I think Victor said it best, "Obfuscation is just encryption done
poorly." Either we encrypt, or we don't. But there is no such thing as
an obfuscation middle-ground. Obfuscation would just be a speed bump,
easily broken. It won't provide privacy, and it won't prevent linkability.

As far as I am concerned, there are only two designs that prevent
linkability:

1) Martin's PR, in which the packet number is encrypted using sensible
crypto;

2) Or, leaving the packet number in the clear but using different
encryption contexts for each path, and using separate packet sequences
for each path.

The second option requires more computation when explicitly setting up a
new path. The connection ID would be used as part of the "salt" when
deriving connection contexts. The packet number on each path will start
at 1 (or maybe 0 ;-). This requires maintaining separate SACK dashboards
for each path/Connection-ID, and constraining ACK to be per/path, or
alternatively adding a PATH-ACK frame that indicates the path for which
packets are acked.

The pros and cons of the two options are easy to get:

1) Option 2 does not require the cost of encrypting every packet, thus
per packet processing will be maybe 1% faster than option 1.
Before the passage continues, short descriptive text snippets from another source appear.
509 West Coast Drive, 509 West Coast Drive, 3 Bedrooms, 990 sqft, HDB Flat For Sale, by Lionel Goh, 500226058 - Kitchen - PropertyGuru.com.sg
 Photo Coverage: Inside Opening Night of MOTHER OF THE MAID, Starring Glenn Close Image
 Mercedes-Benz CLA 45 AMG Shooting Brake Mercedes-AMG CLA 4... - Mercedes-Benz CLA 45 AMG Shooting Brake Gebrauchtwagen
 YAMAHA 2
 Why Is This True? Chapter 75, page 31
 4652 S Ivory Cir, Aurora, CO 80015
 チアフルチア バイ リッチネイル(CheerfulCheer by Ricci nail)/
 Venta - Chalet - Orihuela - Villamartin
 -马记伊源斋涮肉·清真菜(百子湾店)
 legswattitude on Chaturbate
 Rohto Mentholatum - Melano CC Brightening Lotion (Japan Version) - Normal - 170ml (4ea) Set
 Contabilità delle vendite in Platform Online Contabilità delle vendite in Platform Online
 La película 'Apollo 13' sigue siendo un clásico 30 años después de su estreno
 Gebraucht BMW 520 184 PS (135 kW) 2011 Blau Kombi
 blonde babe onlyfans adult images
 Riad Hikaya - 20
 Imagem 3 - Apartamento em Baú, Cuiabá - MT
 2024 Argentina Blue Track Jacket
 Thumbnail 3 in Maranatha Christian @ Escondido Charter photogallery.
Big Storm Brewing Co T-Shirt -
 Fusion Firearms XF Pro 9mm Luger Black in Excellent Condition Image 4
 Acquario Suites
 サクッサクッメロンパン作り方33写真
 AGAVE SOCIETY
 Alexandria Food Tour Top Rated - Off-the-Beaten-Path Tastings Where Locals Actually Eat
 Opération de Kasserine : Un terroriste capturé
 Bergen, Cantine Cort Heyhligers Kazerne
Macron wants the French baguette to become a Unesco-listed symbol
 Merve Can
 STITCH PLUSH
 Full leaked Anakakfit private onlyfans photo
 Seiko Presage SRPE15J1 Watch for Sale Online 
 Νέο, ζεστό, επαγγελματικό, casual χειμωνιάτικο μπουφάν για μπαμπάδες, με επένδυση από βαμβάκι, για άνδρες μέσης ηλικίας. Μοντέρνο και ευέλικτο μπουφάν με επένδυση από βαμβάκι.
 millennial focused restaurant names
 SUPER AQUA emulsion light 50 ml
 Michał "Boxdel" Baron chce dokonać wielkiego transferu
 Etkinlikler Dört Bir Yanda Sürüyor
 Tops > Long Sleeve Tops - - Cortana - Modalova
2) Option 2 requires computing encryption contexts for each path, which
is more complex than option 1, but the cost will be amortized over the
duration of the path.

3) Option 2 requires more complex data structures and ACK management,
thus increasing the chances that something goes wrong.

4) Option 2 does nothing against packet number ossification. The packet
number effectively becomes part of the invariants.

In short, the only advantage of option 2 is to avoid a single symmetric
encryption operation per packet, while making the code significantly
more complex, and at the cost of not protecting against PN ossification.
The way I see that, there is hardly any debate.